The Verizon iPhone: Has Android turned those rumors into "so what?" moments?

New rumors about a Verizon iPhone don't seem matter as much now that the Android devices are all the rage
Written by Sam Diaz, Inactive

After the buzz last week, driven in part by reports in both the New York Times and Wall Street Journal, that the iPhone would finally be coming to the Verizon network early next year, a few friends over the weekend wanted to know: did this mean I was finally going to get an iPhone?

My short answer: No.

First of all, I told them, this is still a rumor. The Times is sourcing its report on a single person who is "in in direct contact with Apple" and doesn't want to "alienate his contacts at Apple." The Journal cites "people familiar with the matter." You'll excuse me if I don't jump up and down with excitement over these reports. It's not the first time I've heard this rumor.

Second, I'm just not loving the iPhone as much as I once did. I'll admit that I once had a bad case of iPhone envy - but AT&T's service in the San Francisco area was so poor that I just couldn't bring myself to pay that bill. I also said repeatedly that I would be one of the first in line if the iPhone ever landed at Verizon.

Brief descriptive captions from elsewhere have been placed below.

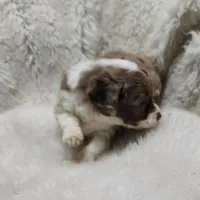 Speckles, a female Miniature Australian Shepherd and Miniature Aussiedoodle for sale in Bolivar, MO – Photo 10 of 10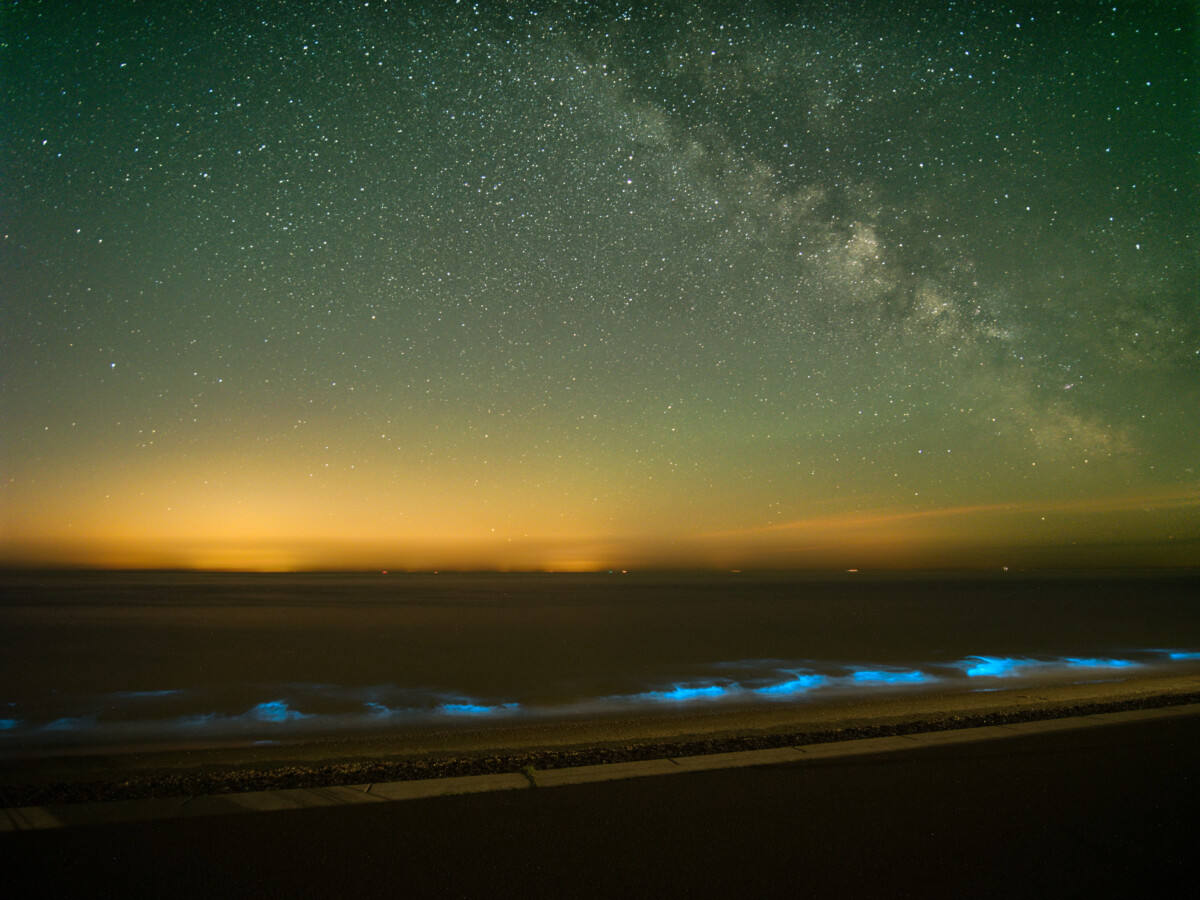 Bioluminescence and the Milky Way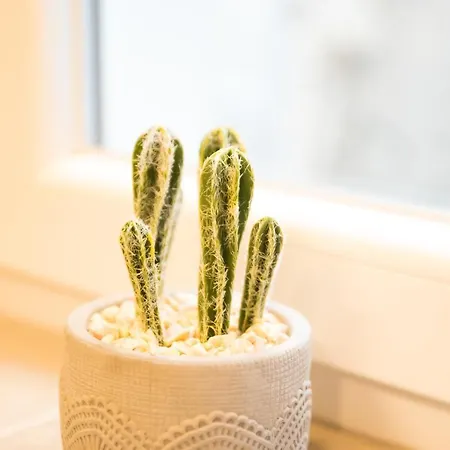 R38 - Artists Luxury 아파트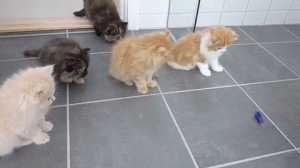 動く虫のおもちゃに期待以上のリアクションを見せるペルシャの子猫たち W みんなのペットライフ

But that was then and this is now.

Don't get me wrong. The iPhone is an amazing device and is consistently raising the bar for the competition. In terms of sales, it's consistently a shining star for Apple's bottom line. And I have no doubt - as do the analysts that the NYT and WSJ interviewed - that an iPhone on the Verizon network could be quite disruptive to the industry. But not for me. I wasn't all that impressed with the iPhone 4, as well as all of that antennagate drama and now, that GlassGate problem. (Why does there always have to be "gate" for every little scandal?)

My final point is less about Apple and more about Google's Android. What can I say? I like Android - a lot - and I have no intention on dumping it just because the iPhone finally appeared on the Verizon lineup. Is it perfect? No, of course not. Battery life on my Droid Incredible, for example, leaves a lot to be desired. But I can work past something like that by keeping a charger in my car or a USB power adapter with my computer when I use it remotely. And I'm also hoping that Google and the device makers are working on it, as well. If I had an iPhone, there really wouldn't be a way for me to compensate for the poor signal that keeps dropping my calls or making me miss them all together.

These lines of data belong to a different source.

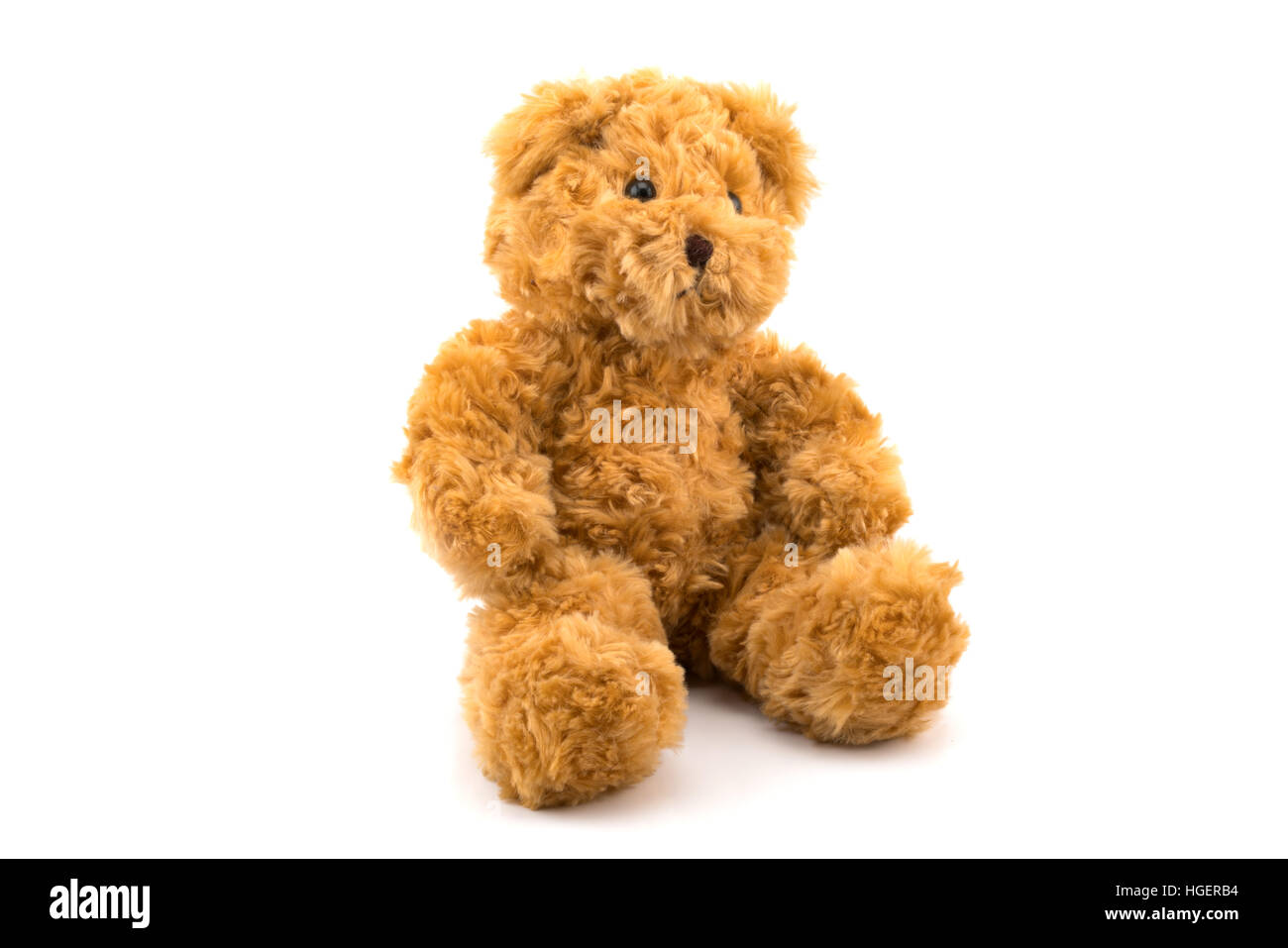 Mignon ours assis sur fond blanc Banque D'Images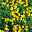 Bio Waldsteinia ternata gelb, Topf-Ø 9 cm, 3er-Set
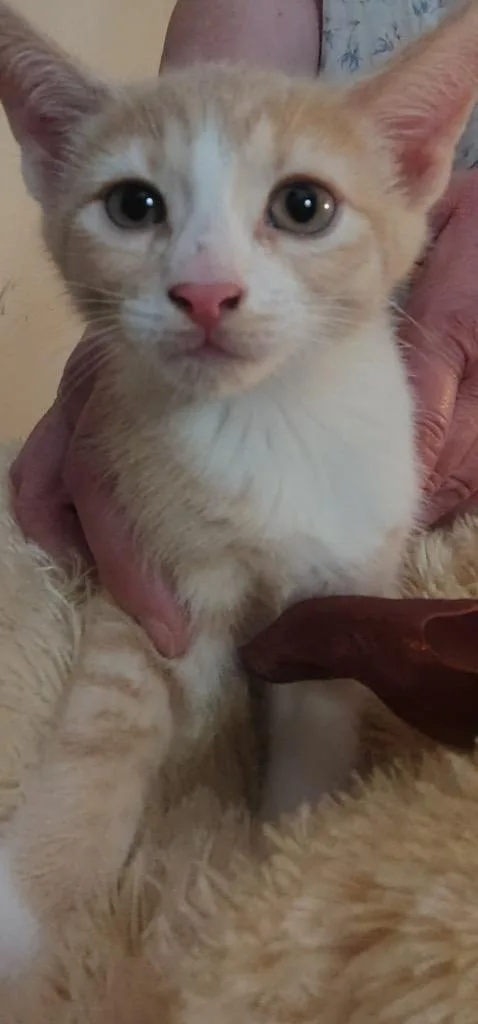 Simba thumbnail 2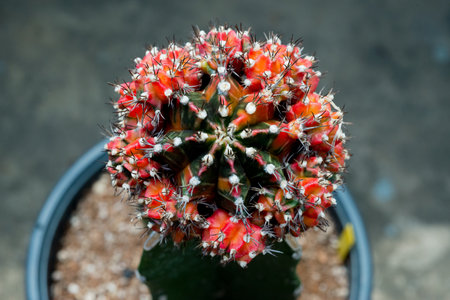 gymnocalycium cactusの写真素材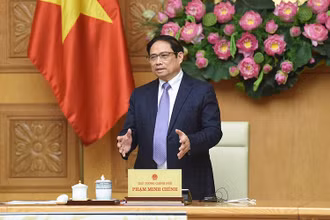 (Ảnh: TRẦN HẢI)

Does that mean I won't ever change my mind about the iPhone? Of course not. Who knows what the next design looks like, which carriers will be supporting it or what that entry price point will be? And what about the Windows 7 Phone devices, which are being unveiled today in New York City? Or the new Blackberry? And let's not forget that HP still plans on doing something with the WebOS system it acquired in the Palm acquisition .

Bottom line: I'm cool with my Android smartphone. I like the OS, the apps, the hardware and especially the integration with Google products. The iPhone's arrival on the Verizon network - whenever that day might really be - can't take that away.